Artificial intelligence and machine learning are in buzz these days and more and more people are interested to learn about it. It got a major breakthrough when Google made AI history by creating an algorithm that mastered Go. And the technological advancement is creating more jobs as companies need high-skilled AI talents to develop and maintain a wide range of applications.
If you are interested in becoming a machine learning expert but don't know where to start from? Don't worry we got you covered. In this article, we will show you the top-down approach for getting started in applied machine learning.
Heres What You Should Do Before You Get Started With Machine Learning
ML is all about applying statistics and computer science to data. You really do not need to be a professional programmer, mathematician to learn ML, but to master it, one has to be good at maths, programming and have some domain knowledge.
There are many programming languages which provide ML capabilities. But Python and R are most commonly used languages. So, before entering into the world of ML, choose one of these two programming languages Python or R.
Python is naturally disposed towards machine learning and is preferred by tech companies where they need end-to-end integration and develop analytics-based applications, leveraging analytics-friendly libraries. If you want more theoretical knowledge about different machine learning algorithms, you can also read Python Machine Learning Edition 2 written by a machine learning researchers Sebastian Raschka and Vahid Mirjalili. The book also covers large varieties of Practical Algorithms with Python, as well as using it with sci-kit learn API and replaying it with Tensorflow API.
R as a language for statistical inference has made its name in data analysis and is preferred by companies which are primarily focused on advanced analytics and pretty much become a lingua franca for data science.
Learn Statistics For Machine Learning
You will be benefited with the knowledge in statistics, mainly the probability of Bayesian, as it is mainly needed for the algorithms of machine learning. And if you are willing to learn the statistics basics then you have the option of signing in the statistics which are descriptive and the inferential statistics courses as well which are offered by Udacity. Both are cost-effective.
ML Courses To Sharpen Your Knowledge
If you want to have a foundation of machine learning which is strong, you need to grab as much knowledge as you can. For machine learning, there are several courses which are there to learn.
This course is mainly for the one who begins with machine learning, data mining and the pattern recognition which is statistical This course is taught by Andrew Ng and covers all basic algorithms. Topics include:
1.Supervised learning (parametric/nonparametric algorithms, support vector machines, kernels, neural networks)
2.Unsupervised learning (clustering, dimensionality reduction, recommender systems, deep learning)
3.Best practices in machine learning (bias/variance theory; innovation process in machine learning and AI)

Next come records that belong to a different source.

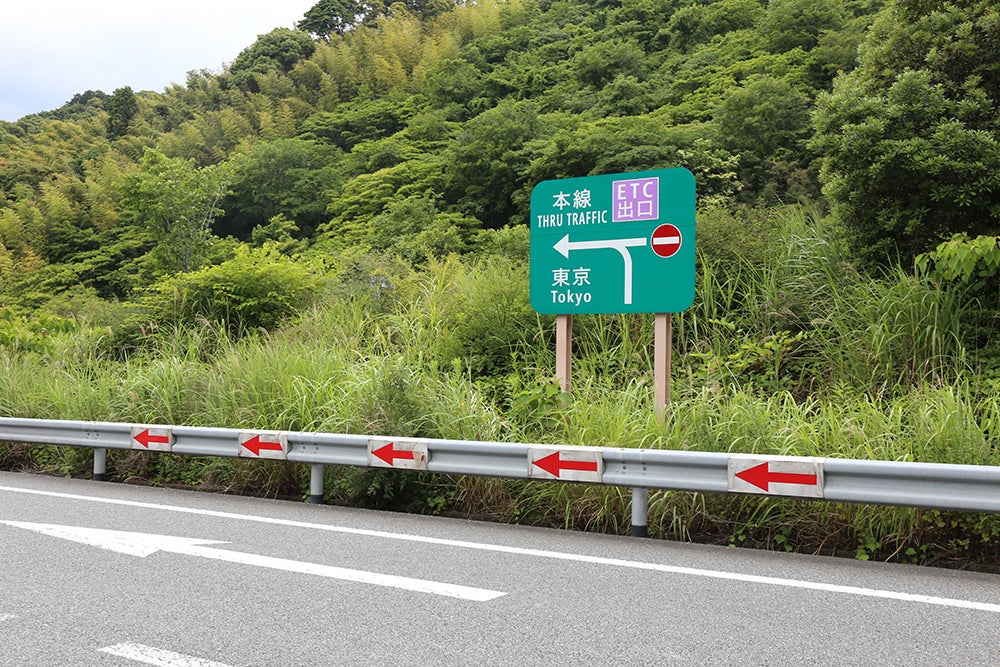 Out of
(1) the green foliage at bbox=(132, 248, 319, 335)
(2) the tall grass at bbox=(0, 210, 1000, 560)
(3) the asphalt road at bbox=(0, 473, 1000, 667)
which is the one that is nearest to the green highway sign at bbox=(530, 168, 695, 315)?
(2) the tall grass at bbox=(0, 210, 1000, 560)

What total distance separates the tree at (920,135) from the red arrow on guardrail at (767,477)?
182 inches

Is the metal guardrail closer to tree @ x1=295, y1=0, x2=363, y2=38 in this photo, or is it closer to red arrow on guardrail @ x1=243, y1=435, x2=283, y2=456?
red arrow on guardrail @ x1=243, y1=435, x2=283, y2=456

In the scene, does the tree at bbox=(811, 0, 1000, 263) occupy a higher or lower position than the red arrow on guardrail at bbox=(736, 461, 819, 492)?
higher

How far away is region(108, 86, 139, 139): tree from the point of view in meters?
89.5

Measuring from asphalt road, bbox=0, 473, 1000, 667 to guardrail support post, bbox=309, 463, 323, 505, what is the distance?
3.57ft

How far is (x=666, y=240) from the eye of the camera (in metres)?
8.09

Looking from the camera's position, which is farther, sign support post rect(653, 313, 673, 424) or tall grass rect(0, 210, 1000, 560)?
sign support post rect(653, 313, 673, 424)

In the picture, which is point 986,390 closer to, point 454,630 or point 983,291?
point 983,291

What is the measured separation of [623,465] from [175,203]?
131ft

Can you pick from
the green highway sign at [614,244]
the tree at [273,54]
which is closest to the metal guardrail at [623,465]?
the green highway sign at [614,244]

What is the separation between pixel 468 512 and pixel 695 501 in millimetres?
1988

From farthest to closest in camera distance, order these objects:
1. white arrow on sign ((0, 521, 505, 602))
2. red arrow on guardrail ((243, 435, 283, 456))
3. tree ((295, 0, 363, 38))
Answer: tree ((295, 0, 363, 38)), red arrow on guardrail ((243, 435, 283, 456)), white arrow on sign ((0, 521, 505, 602))

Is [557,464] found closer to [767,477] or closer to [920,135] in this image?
[767,477]

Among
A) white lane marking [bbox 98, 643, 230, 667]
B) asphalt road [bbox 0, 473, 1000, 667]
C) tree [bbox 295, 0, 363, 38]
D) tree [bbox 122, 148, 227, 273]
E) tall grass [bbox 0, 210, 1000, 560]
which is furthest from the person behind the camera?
tree [bbox 295, 0, 363, 38] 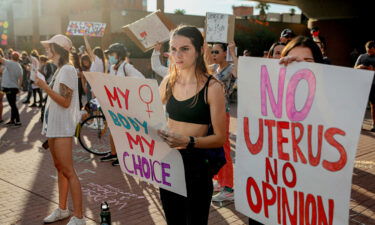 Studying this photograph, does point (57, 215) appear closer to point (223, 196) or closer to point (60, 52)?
point (60, 52)

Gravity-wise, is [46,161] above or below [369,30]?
Answer: below

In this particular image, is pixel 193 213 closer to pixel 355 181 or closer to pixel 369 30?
pixel 355 181

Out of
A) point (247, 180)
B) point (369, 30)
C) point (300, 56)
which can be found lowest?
point (247, 180)

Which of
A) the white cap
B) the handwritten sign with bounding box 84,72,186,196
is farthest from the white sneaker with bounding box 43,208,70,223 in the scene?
the handwritten sign with bounding box 84,72,186,196

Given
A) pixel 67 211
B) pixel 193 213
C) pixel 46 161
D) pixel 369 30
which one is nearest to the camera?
A: pixel 193 213

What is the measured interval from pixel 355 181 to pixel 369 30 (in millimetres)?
26680

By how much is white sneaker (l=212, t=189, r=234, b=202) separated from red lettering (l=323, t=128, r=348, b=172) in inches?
126

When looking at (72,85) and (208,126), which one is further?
(72,85)

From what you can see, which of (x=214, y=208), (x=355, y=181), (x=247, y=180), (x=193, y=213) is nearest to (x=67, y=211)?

This course will help you learn what the foundation of deep learning is and you will easily get to know how deep learning actually works. If you are looking for a job in AI, after this course you will also be able to answer basic interview questions. Once you get the Certificate enrolment, you can easily access all the videos, quizzes and all the assignments of programming.
Here in this course you will get the theory which is basic, and applications and algorithms.thsi course covers with the whole theory part and the practice and it covers all the aspects of learning. You need to have more knowledge of programming as it contains math. You have multiple homework sets also.
This course is something where you can grab knowledge in 15 hours and here you deal with the real world case studies, many new video lectures too and have 40+exercises which will help you to learn the concepts of machine learning. this course is mainly designed by Google for its employees to give a practical intro to the fundamentals of machine learning.